### EXERCISE PROMPT
Of the lines listed below, return exactly those that run from the line containing "Tech. Sgts. Steve" through the line containing "a wooden table", both included.

### DATA FOR ANALYSIS
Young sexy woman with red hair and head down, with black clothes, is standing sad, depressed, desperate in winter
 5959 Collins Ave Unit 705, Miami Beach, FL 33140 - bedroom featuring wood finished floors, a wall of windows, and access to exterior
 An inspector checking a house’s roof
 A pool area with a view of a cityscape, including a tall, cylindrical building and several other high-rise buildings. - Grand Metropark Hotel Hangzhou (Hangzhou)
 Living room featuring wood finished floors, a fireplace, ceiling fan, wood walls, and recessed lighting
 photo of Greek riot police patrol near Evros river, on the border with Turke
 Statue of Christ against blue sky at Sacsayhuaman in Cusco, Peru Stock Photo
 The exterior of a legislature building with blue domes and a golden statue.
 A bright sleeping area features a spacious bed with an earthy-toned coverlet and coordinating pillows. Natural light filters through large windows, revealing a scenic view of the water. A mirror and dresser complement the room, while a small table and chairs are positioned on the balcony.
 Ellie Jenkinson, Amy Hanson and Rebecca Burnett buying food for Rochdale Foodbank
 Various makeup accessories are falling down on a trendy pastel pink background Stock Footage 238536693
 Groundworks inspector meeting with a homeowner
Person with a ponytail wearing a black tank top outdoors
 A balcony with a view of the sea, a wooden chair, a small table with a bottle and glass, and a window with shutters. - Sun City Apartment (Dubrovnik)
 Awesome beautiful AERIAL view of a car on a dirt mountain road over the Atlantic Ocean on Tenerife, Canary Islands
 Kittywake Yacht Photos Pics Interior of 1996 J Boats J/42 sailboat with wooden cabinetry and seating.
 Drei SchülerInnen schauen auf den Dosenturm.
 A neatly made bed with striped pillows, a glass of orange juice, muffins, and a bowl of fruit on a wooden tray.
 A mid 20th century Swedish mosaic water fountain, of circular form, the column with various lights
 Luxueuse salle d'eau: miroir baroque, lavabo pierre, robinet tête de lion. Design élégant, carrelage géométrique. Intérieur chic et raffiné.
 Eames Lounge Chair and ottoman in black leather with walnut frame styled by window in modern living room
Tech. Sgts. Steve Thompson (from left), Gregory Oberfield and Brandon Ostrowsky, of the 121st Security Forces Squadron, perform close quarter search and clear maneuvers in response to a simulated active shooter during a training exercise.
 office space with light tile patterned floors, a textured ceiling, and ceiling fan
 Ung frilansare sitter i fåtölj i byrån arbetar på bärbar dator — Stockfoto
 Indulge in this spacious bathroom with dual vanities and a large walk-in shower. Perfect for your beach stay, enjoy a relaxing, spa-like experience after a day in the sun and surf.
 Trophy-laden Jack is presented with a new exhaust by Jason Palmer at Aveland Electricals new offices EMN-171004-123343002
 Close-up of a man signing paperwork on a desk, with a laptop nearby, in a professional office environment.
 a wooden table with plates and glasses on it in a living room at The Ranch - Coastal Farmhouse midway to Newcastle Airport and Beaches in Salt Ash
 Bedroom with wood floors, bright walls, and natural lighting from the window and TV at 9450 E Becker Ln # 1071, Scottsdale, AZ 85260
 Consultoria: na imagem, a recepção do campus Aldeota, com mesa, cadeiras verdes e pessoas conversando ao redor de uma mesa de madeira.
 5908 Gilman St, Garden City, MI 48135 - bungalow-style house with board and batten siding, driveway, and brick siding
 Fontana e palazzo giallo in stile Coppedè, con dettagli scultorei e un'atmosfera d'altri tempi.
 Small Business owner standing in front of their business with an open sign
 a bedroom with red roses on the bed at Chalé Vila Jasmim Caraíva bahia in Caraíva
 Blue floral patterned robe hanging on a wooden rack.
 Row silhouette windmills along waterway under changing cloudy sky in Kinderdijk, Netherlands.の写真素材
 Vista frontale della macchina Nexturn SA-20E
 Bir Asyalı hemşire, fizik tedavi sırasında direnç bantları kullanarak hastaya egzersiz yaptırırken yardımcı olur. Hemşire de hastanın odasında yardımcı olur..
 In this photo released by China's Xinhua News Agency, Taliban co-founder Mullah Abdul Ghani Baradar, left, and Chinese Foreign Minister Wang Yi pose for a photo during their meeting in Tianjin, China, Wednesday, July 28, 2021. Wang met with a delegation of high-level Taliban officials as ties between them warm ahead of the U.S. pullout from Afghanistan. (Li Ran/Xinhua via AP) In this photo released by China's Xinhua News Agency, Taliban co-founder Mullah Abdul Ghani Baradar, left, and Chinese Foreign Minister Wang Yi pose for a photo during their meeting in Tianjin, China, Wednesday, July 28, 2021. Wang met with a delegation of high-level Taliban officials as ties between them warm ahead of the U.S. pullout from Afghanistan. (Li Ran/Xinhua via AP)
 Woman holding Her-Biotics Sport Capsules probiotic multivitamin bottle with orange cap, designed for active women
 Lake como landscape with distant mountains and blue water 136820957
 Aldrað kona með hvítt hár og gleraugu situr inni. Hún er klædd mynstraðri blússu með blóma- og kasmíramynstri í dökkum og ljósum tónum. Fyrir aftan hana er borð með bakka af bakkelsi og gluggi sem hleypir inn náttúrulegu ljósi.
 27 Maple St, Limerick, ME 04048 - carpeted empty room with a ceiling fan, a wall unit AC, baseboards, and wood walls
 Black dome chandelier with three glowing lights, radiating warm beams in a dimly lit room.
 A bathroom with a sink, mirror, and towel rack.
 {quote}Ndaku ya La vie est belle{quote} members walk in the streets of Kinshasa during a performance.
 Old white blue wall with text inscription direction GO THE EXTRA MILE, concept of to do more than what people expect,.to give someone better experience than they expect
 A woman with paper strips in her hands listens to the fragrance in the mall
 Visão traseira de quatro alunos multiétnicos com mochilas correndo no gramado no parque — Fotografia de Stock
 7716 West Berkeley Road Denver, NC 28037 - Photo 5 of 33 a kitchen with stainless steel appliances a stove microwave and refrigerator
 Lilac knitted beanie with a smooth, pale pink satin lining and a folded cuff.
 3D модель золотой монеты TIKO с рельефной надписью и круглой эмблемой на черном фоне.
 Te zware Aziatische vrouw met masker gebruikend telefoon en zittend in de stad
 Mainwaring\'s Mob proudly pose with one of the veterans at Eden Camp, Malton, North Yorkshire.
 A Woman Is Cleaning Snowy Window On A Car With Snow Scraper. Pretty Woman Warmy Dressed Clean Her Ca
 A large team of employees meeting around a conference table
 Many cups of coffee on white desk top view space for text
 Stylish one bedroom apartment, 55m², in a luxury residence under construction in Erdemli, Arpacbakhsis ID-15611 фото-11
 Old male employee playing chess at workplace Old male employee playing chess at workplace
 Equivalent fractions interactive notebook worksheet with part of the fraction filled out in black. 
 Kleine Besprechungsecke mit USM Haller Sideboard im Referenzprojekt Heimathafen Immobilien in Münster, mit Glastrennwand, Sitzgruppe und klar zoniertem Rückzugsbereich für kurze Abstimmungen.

### EXERCISE RESULT
Tech. Sgts. Steve Thompson (from left), Gregory Oberfield and Brandon Ostrowsky, of the 121st Security Forces Squadron, perform close quarter search and clear maneuvers in response to a simulated active shooter during a training exercise.
 office space with light tile patterned floors, a textured ceiling, and ceiling fan
 Ung frilansare sitter i fåtölj i byrån arbetar på bärbar dator — Stockfoto
 Indulge in this spacious bathroom with dual vanities and a large walk-in shower. Perfect for your beach stay, enjoy a relaxing, spa-like experience after a day in the sun and surf.
 Trophy-laden Jack is presented with a new exhaust by Jason Palmer at Aveland Electricals new offices EMN-171004-123343002
 Close-up of a man signing paperwork on a desk, with a laptop nearby, in a professional office environment.
 a wooden table with plates and glasses on it in a living room at The Ranch - Coastal Farmhouse midway to Newcastle Airport and Beaches in Salt Ash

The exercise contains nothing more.